## Collected data
:::
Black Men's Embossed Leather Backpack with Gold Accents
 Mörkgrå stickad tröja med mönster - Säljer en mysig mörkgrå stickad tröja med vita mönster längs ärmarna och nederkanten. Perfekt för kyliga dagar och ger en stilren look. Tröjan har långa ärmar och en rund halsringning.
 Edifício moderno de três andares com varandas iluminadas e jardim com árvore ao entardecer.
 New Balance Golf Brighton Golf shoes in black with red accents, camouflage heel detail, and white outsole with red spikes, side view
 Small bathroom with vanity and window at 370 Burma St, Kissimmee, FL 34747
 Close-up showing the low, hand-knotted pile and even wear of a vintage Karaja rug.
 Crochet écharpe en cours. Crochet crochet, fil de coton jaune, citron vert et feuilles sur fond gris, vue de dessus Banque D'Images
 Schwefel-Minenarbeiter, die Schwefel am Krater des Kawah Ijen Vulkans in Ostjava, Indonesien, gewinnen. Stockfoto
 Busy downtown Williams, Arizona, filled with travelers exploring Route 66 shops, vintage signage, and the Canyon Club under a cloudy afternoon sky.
:::
## Your goal
Determine the number of lines above that include the word "vintage"; the reply is that number only.

## Answer to the problem
2